Tariq Tayyaba, Suhail Zobia, Nawaz Zubair
Department of Computer Science, University of the Punjab, Allama Iqbal Campus, Lahore, Punjab 54000 Pakistan.
Department of Data Science, University of the Punjab, Allama Iqbal Campus, Lahore, Punjab 54000 Pakistan.
Biomed Eng Lett. 2024 Oct 10;15(1):1-35. doi: 10.1007/s13534-024-00437-5. eCollection 2025 Jan.
Osteoarthritis (OA) is a musculoskeletal disorder that affects weight-bearing joints like the hip, knee, spine, feet, and fingers. It is a chronic disorder that causes joint stiffness and leads to functional impairment. Knee osteoarthritis (KOA) is a degenerative knee joint disease that is a significant disability for over 60 years old, with the most prevalent symptom of knee pain. Radiography is the gold standard for the evaluation of KOA. These radiographs are evaluated using different classification systems. Kellgren and Lawrence's (KL) classification system is used to classify X-rays into five classes (Normal = 0 to Severe = 4) based on osteoarthritis severity levels. In recent years, with the advent of artificial intelligence, machine learning, and deep learning, more emphasis has been given to automated medical diagnostic systems or decision support systems. Computer-aided diagnosis is needed for the improvement of health-related information systems. This survey aims to review the latest advances in automated radiographic classification and detection of KOA using the KL system. A total of 85 articles are reviewed as original research or survey articles. This survey will benefit researchers, practitioners, and medical experts interested in X-rays-based KOA diagnosis and prediction.
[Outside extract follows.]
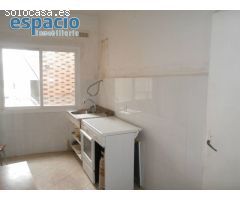 SE VENDE PISO ZONA PLAZA DE ABASTOS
骨关节炎(OA)是一种肌肉骨骼疾病,会影响负重关节,如髋、膝、脊柱、足和手指。它是一种慢性疾病,会导致关节僵硬并导致功能障碍。膝骨关节炎(KOA)是一种退行性膝关节疾病,对60岁以上的人来说是一种严重的残疾,最常见的症状是膝关节疼痛。X线摄影是评估KOA的金标准。这些X线片使用不同的分类系统进行评估。凯尔格伦和劳伦斯(KL)分类系统用于根据骨关节炎严重程度将X线分为五类(正常=0至重度=4)。近年来,随着人工智能、机器学习和深度学习的出现,人们越来越重视自动化医疗诊断系统或决策支持系统。为改善健康相关信息系统,需要计算机辅助诊断。本综述旨在回顾使用KL系统对KOA进行自动化X线分类和检测的最新进展。共检索到85篇作为原始研究或综述文章的文献。本综述将使对基于X线的KOA诊断和预测感兴趣的研究人员、从业者和医学专家受益。